En la calle Calvo existen varios balcones de distintas
formas, pero el que llama más la atención es la de la casa número 78, porque
dicho balcón fue construido a fines del siglo 18, el mismo tiene adornos
simples y su base esta echa de piedra. Esta casa perteneció a la distinguida
familia Calvo Fernández. Igualmente en la calle Calvo número 91 encontramos un
balcón esquinero, de la época republicana, otro similar es el balcón ubicado
entre las calles Loa y Arenales.
Otro balcón de la ciudad es el que se encuentra entre las
calles Grau y Bolívar, éste fue tallado
en madera y acompañado de fierro forjado y corriente, fue construido en el
siglo XVIII. Junto a esta casa se encuentra un farol tallado en madera haciendo
juego con las puertas y ventanas de la misma.
En la Plaza 25 de Mayo, número 52, se encuentra un balcón
tallado en madera, junto a él tres balcones pequeños. Estos balcones están
construidos con barras de hierro y madera. En la misma plaza se encuentran
nueve balcones seguidos de hierro forjado, estos balcones son muy vistosos y es
por eso que llaman la atención de los turistas.
En la calle Calvo número 589 se encuentra un balcón muy
colonial, el mismo ésta hecho en fierro y madera torneados, éste fue construido
en el año de 1869, a continuación de éste balcón se encuentra una gradería
adornada con postes y faroles coloniales.
TOCADORES.- En la ex villa, ciudad de La Plata,
Chuquisaca y posteriormente Sucre, el simple toque de atención o de llamada en
una puerta, se convirtió en complemento artístico u objeto de decoración.
Puertas de templos y palacios ostentan hermosos llamadores
dobles, que en su gran tamaño, lucen motivos renacentistas y barrocos de
notable perfección. Situados unos en la parte superior de ambas hojas,
recuerdan que quienes lo usaron no tenían que apearse del caballo; otros en
cambio, los de abajo, estaban al alcance de la mano para el simple peatón.

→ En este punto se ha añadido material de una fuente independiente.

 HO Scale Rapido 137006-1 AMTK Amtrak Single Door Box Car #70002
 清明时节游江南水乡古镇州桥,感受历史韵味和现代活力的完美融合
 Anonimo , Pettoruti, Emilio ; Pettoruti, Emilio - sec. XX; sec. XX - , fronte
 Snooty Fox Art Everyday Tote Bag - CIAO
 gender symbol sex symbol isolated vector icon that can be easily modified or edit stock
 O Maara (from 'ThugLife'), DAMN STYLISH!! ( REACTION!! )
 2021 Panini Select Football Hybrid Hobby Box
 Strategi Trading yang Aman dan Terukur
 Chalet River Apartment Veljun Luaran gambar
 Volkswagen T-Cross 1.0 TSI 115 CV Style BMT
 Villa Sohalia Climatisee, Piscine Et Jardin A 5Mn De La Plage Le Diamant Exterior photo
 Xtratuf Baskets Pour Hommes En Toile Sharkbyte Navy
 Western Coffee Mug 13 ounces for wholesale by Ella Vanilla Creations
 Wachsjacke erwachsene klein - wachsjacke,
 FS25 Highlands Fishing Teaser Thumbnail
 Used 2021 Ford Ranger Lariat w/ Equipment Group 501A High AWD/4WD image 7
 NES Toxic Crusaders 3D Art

Estos son entre otros, los de la Iglesia de San Miguel, con
cabezas de león, blasones y seres alados; los de la Catedral, más
afiligranados, con águilas bicéfalas y símbolos reales; los de Santo Domingo,
con pesadas argollas y cabezas de animales empenechados; los del Museo
Colonial; los del Arzobispado.
Otras puertas se adornan con tocadores o llamadores más
sencillos, en los que el bronce fundido muestra pequeños animales reclinados y
hasta una cabeza de medusa surgiendo entre nubes, como se ve frente a Santa
Clara, en la calle Abaroa.
Llamador es una pieza de hierro o bronce de variadas formas,
fija a una articulación y colgada en la parte exterior de la puerta de calle
con el fin de golpear sobre ella para que abran del interior. Hasta fines del
siglo XI los cerrajeros no disponían de otro medio que el martillo y el yunque,
cuya utilización alcanzó enorme maestría para ejecutar los complicados motivos
de tales objetos. En el siglo XVI desapareció la sencilla robustez inicial,
dándose a las obras mayor delicadeza y fantasía.
El arte suntuario de siglos pasados nos ha dejado la huella
de varios tipos de tocadores, como las manos,
unas con encajes y sortijas de origen europeo y otras sencillas y alargadas
de factura local.
España fue uno de los centros de mayor importancia en esta
clase de manufactura, que abarca no solamente los elementos de tocadores o
llamadores, sino también jarrones, candelabros, vajillas, medallones, utilería
religiosa, etc.
En las llaves y cerraduras se evidencia la pericia y el
gusto de los cerrajeros renacentistas. Algunas cerraduras se hallan decoradas
con primorosos relieves, que llegan a ser verdaderos cuadros. Los llamadores o
aldabones tienen toda clase de temas decorativos, tales como satíricos,
monogramas, animales fantásticos, sirenas, etc.
En todo el área andina, se produjeron llamadores o
tocadores sumamente interesantes y originales, manifestándose en una amplia
gama y gran variedad de formas y estilos, así tenemos llamadores en forma de
vegetales (Fitomorfa), en forma humana (Antropoforma), en forma de animales,
aves y peces (Zoomorfa), y en forma de emblemas, letras, escudos u otros
(Heráldica).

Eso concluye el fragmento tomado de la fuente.